An der linken Wandseite, unter den Fenstern sind das Bild des heiligen Konrad von Parzham in einem prächtigen ovalen Barockrahmen mit erhabenem eingerolltem Akanthusblättern und dahinter gelegtem Eichenlaub. Eine geschnitzte Muttergottes mit dem Jesuskind segnet die Gottesdienstbesucher.
Bemerkenswert sind auch die schönen geschnitzten Wangen der Kirchenstühle mit den furchterregenden Drachen. Sie sollen aus der alten Kirche vor 1708 stammen. Der Weg auf den schönen Sollnhofer Platten, mit welchen die ganze Kirche 1983 gepflastert wurde, führt hinaus in den Vorraum der Kirche. Hier im früheren Beinhaus wurde 1938 eine Gedenkstätte für die Gefallenen des ersten Weltkriegs errichtet. Die dort hinter einem gotischen Gitter angebrachten Skulpturen des Gegeißelten Heilands und der beiden Engel standen früher auf einem Seitenaltar der Kirche.
Einmal im Jahr wird dem Besucher am Karfreitag bis Karsamstag nachts in der verdunkelten Kirche das Heilige Grab mit den vielen bunten Öllampen zur Verehrung aufgestellt. Es ist ein Geschenk des kgl. Hoftheatermalers Alois Gottner aus dem Jahre 1893.
Einst gehörte die Litzldorfer St. Michaelskirche als Filialkirche gemeinsam mit der Nebenkirche Kleinholzhausen und den Filialkirchen Lippertskirchen und Wiechs zur Mutterkirche Au bei Bad Aibling. Die Seelsorge wurde von einem Benefiziaten aus Au im Wechsel mit der Filialkirche Maria Morgenstern wahrgenommen. Nach langem Bemühen um Autonomie konnten die Litzldorfer 1891 endlich die Erhebung zur Pfarrei St.Michael begehen und mit der Installation des ersten Pfarrers Corbinian Willerer im darauf folgenden Jahre in die Selbständigkeit treten. Nach achtzig Jahren, am 1. August 1973, hat die Pfarrei Litzldorf ihre Selbständigkeit wieder weitgehend eingebüßt. Seither wird sie von der Pfarrei Herz-Jesu, Bad Feilnbach mitverwaltet. Doch die ehemalige Pfarrei lebt im Rahmen ihrer eigenen Kirchenverwaltung und des eigenen Pfarrgemeinderats weiter.

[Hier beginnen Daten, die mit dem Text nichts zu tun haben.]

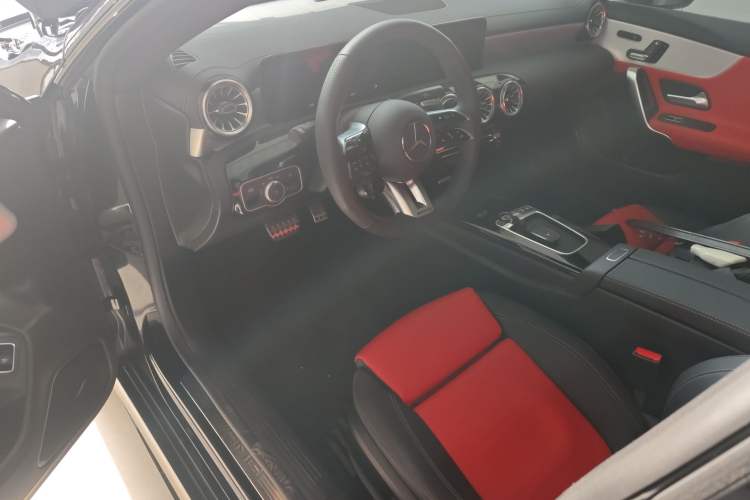 Used Mercedes-Benz CLA AMG 2024 Facelifted AMG CLA 35 4MATIC Center Console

Die Litzldorfer Pfarrkirche hat viele Renovierungen erfahren, durch die sie in ihrem Aussehen und in ihrer Schönheit erhalten geblieben ist. Die letzte umfassende Restaurierung hat auf Initiative des Bad Feilnbacher Pfarrers Ludwig Penger 1987 begonnen und mit der Außenrenovierung unter Pfarrer Ernst Kögler 2020 ihren Abschluss erfahren. Diese Maßnahme stellt eine gewaltige Leistung dar, die nur durch sorgfältige Geduld und Beharrlichkeit möglich war. Und die Pfarrgemeinde Litzldorf aber hat es in all den Jahren weder an Zuversicht noch an Freigiebigkeit fehlen lassen.